When there was no political problem last year, the ADB believed that Thailand’s growth could be about 4.5-5 per cent this year because of the low base effect expected for 2013 and the assumption that growth in the United States and the European Union was strong.
“If there is no fully functioning government in place by the second half of the year, consumer confidence will continue to drop, investors will still ‘wait and see’ and the government budget for fiscal year 2015 will not be there, which means the country’s economic growth will be much lower than 2.9 per cent,” he said. 
Besides the internal struggle, policy challenge is also something that the new government should be wary of. The deficiency in policy design, such as the rice-pledging scheme and the first-car buyer programme, is fiscally unsustainable and has raised doubts over who is the beneficiary and how it is funded, he said.

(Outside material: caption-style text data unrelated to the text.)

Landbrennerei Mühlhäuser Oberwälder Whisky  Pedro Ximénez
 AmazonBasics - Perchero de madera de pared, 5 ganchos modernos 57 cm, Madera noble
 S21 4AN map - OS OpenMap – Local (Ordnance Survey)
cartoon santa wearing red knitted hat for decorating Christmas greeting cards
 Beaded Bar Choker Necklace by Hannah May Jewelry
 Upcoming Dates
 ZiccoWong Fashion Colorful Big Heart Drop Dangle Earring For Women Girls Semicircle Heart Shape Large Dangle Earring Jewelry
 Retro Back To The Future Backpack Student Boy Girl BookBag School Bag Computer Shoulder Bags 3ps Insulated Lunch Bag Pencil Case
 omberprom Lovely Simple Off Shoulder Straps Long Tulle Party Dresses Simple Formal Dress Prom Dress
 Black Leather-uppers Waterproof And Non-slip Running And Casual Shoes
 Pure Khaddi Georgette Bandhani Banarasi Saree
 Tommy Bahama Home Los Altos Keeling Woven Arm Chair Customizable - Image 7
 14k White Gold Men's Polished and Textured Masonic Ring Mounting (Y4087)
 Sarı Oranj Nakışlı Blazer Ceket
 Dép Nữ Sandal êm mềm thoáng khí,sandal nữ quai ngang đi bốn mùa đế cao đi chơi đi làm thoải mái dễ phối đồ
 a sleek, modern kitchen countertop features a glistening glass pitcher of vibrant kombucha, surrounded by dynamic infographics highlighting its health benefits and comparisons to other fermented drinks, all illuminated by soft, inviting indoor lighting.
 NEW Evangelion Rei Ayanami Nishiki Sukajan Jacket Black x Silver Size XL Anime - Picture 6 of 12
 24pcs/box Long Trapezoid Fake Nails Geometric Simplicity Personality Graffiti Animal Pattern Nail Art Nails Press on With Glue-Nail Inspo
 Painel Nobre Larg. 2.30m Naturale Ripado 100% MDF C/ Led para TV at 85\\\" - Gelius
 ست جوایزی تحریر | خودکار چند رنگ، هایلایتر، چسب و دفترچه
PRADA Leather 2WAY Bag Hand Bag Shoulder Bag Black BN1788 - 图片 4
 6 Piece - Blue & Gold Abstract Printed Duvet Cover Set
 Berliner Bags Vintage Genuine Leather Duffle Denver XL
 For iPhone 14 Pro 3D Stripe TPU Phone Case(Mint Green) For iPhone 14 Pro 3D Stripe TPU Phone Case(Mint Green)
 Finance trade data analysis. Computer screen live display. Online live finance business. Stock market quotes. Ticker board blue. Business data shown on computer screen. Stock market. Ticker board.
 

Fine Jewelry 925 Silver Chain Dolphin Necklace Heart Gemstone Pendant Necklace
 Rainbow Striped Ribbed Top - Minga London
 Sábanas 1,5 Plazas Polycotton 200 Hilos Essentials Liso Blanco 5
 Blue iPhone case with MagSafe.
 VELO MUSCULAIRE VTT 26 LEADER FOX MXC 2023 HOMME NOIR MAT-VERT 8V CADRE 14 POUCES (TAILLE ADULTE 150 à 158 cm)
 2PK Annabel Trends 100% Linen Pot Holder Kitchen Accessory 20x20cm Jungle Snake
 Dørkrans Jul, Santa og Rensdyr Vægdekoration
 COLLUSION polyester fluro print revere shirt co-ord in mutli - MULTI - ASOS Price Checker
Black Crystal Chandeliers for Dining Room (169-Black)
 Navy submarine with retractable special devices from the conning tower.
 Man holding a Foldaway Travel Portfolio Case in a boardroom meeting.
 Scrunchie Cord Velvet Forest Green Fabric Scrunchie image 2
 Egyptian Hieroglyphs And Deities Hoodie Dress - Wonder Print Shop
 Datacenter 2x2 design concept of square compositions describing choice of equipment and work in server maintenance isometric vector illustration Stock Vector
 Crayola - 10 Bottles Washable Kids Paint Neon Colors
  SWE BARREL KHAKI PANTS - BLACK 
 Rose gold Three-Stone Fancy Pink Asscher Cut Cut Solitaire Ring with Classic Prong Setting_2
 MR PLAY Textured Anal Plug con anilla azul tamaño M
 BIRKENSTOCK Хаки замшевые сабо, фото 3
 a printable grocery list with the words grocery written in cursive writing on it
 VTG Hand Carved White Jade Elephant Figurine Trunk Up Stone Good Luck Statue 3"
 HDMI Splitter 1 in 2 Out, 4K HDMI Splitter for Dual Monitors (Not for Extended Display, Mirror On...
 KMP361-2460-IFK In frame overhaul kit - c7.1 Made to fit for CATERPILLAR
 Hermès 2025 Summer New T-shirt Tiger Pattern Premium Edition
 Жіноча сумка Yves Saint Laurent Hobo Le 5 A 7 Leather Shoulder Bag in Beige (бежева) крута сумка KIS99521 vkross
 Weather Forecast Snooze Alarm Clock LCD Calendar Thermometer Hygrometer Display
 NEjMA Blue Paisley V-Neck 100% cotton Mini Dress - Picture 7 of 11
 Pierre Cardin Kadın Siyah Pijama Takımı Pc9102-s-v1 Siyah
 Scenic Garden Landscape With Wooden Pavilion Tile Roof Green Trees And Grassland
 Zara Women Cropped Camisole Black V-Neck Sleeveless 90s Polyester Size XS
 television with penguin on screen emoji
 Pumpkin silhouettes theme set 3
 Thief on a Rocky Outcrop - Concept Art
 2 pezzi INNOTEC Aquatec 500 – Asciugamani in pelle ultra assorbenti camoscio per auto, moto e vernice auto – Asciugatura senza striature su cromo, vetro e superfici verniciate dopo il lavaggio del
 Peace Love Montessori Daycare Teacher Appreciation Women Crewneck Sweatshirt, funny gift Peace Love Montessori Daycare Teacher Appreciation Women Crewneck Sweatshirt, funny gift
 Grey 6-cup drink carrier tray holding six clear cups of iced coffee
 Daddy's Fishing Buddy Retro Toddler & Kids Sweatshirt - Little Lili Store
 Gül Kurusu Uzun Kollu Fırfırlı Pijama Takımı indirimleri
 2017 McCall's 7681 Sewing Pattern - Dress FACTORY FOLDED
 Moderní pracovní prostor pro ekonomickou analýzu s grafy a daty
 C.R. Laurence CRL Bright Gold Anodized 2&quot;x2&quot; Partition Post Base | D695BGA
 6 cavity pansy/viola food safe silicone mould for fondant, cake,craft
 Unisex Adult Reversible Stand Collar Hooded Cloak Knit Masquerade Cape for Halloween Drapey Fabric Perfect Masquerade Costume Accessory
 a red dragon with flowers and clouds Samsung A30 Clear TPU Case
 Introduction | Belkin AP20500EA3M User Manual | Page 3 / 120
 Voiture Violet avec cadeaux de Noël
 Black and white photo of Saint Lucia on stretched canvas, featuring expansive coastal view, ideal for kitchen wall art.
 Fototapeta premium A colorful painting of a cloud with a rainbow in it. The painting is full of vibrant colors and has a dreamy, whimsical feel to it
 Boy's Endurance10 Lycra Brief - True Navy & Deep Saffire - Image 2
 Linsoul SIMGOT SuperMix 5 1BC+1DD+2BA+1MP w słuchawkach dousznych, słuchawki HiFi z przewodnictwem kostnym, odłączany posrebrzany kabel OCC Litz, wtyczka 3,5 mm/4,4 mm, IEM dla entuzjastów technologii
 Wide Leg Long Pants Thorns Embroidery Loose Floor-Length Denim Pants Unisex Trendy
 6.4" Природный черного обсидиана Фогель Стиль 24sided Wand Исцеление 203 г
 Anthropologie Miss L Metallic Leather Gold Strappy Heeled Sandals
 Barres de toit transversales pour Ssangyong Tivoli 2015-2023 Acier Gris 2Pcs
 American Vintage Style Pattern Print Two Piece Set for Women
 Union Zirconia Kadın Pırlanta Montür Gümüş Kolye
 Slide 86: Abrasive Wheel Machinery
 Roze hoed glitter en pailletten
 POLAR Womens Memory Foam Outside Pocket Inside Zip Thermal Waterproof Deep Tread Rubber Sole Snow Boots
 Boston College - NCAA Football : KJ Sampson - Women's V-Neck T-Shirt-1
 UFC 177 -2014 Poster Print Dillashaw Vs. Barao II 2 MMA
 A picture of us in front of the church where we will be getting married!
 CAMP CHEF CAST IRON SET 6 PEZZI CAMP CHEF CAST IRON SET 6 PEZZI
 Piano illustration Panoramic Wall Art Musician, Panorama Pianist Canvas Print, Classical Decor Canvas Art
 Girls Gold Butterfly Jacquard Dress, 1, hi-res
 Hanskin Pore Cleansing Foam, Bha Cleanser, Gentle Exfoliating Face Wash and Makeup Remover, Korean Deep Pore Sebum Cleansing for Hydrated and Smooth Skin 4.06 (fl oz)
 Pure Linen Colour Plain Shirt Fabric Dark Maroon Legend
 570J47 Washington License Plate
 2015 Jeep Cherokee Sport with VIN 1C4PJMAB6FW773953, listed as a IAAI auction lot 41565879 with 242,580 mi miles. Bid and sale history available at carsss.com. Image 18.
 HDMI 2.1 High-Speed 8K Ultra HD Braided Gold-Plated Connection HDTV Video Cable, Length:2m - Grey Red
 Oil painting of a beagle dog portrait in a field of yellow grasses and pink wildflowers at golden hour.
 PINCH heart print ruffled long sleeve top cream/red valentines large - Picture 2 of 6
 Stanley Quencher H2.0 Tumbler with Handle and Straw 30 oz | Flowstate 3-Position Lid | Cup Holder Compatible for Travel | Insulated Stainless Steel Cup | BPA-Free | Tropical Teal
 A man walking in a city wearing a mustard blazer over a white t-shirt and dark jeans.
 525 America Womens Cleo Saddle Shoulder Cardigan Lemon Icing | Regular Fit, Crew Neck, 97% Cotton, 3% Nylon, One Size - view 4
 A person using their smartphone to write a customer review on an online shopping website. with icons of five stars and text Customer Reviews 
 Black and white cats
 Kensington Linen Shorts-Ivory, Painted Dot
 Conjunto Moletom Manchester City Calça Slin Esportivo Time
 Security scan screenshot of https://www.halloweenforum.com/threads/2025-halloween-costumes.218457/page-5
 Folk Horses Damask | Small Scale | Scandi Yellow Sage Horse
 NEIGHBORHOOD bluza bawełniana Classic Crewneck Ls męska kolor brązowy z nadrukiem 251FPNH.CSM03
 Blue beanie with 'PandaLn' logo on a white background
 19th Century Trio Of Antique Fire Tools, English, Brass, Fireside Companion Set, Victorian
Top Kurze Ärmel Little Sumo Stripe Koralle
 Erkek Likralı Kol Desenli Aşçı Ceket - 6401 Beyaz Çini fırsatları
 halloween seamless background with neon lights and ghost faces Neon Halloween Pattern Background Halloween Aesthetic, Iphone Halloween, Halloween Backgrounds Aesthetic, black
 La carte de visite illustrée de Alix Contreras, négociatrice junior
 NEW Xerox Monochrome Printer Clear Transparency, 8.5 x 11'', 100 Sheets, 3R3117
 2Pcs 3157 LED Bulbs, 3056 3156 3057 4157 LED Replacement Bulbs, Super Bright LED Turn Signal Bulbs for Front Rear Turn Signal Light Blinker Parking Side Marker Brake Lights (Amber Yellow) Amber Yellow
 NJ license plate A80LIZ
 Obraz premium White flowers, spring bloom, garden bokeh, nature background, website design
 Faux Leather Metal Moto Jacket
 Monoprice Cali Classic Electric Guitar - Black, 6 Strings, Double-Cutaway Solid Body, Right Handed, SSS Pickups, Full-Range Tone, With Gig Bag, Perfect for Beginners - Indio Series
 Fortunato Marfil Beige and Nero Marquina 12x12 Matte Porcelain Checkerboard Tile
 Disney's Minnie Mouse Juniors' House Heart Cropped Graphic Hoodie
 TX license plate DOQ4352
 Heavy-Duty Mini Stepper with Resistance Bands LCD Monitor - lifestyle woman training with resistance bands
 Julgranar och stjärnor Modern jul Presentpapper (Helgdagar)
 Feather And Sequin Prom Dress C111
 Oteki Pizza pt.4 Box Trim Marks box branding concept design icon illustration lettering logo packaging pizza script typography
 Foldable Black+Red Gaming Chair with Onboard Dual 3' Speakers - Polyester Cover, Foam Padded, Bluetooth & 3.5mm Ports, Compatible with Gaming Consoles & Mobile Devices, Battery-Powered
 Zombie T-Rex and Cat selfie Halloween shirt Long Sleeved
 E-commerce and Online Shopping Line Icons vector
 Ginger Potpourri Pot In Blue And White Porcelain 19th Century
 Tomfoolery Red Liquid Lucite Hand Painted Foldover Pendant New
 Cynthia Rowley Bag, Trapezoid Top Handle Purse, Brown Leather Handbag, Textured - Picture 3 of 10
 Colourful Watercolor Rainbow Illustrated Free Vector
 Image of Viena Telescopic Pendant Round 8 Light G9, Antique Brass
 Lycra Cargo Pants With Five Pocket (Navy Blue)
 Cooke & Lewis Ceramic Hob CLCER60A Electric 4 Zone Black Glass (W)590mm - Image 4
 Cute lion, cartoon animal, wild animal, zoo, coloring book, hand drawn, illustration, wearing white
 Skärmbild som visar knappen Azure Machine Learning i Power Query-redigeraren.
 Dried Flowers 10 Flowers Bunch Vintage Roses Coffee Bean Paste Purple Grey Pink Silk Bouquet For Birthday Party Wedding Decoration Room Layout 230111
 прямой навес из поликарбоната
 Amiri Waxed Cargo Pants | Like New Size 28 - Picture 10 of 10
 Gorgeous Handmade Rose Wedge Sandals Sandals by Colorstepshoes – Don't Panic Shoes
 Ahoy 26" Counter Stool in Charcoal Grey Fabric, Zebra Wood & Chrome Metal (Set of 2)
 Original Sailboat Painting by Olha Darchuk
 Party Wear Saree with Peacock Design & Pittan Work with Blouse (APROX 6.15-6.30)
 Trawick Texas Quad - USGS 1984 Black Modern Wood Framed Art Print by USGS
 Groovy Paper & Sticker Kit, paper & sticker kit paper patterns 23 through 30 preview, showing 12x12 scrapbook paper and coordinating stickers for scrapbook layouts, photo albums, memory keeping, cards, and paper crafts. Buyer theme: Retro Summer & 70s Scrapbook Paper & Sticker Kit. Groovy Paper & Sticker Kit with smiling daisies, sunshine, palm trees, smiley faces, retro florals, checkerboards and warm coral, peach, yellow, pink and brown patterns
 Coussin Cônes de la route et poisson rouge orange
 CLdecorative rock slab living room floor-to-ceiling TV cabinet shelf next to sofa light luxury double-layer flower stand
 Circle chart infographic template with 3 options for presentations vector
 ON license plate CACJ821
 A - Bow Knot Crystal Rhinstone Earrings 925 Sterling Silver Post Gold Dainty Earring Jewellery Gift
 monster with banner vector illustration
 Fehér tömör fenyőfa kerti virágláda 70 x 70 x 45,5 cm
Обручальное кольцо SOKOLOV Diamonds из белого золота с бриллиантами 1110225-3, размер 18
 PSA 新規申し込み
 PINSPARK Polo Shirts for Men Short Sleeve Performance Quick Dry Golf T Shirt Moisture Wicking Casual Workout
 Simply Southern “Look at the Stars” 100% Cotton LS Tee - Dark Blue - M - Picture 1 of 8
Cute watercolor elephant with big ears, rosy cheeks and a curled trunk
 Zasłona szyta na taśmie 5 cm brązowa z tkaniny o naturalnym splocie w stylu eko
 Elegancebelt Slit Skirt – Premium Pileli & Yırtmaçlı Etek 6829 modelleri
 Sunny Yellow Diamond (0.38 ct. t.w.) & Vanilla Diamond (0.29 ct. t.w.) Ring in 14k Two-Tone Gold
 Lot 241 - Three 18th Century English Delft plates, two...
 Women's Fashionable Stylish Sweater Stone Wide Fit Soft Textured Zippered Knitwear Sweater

The badly designed and implemented policies contributed to the slowdown in domestic consumption last year because of the delay in payment to farmers and the rise in household debt that was exacerbated by the first-car programme.
“Last year’s policy challenge is the policy itself,” Luxmon said.
“A policy should be well targeted and fiscally sustainable, otherwise it cannot be a good policy,” he said.
To tackle the policy challenge, the incoming government should consider creating an institution to oversee the government’s policies, similar to the “Thailand Parliamentary Budget Officer” suggested by the Thailand Development Research Institute, he said.
More policy watch institutions were needed, and also more think tanks to provide more research options for political parties to pick and develop policies. 
ADB president Takehiko Nakao said that since the region was able to cope with the volatile changes of the world economy in recent years, it will be able to continue its growth in the next two years due to lesser challenges than in the previous year and the recovery of the US, EU and Japanese economies.
ADB estimates combined GDP growth for the US, EU and Japan at 1.9 per cent for this year, which almost doubles the 1 per cent for last year. The GDP of the three countries is viewed as continuing to pick up by 2.2 per cent next year.
Virabongsa, chairman of the Strategy for Reconstruction and Future Development Commission and also a former deputy prime minister and finance minister, said on the sidelines of a seminar on “Toward Asean Development Administration” held by the National Institute of Development Administration to mark its 48th anniversary that it was hard to predict where Thai politics was heading. 
Politics was like a train that stops at stations and then moves on when it is time to depart the stations, he said, adding, while the economic outlook could be predicted by using the market mechanism and purchasing power as clues, it is impossible to predict what would happen in politics.
Confidence in the economy would return when the political situation improves.
As for Thailand’s integration into the Asean Economic Community, globalisation drives countries into forming economic communities to enhance competitiveness against other economic zones, he added.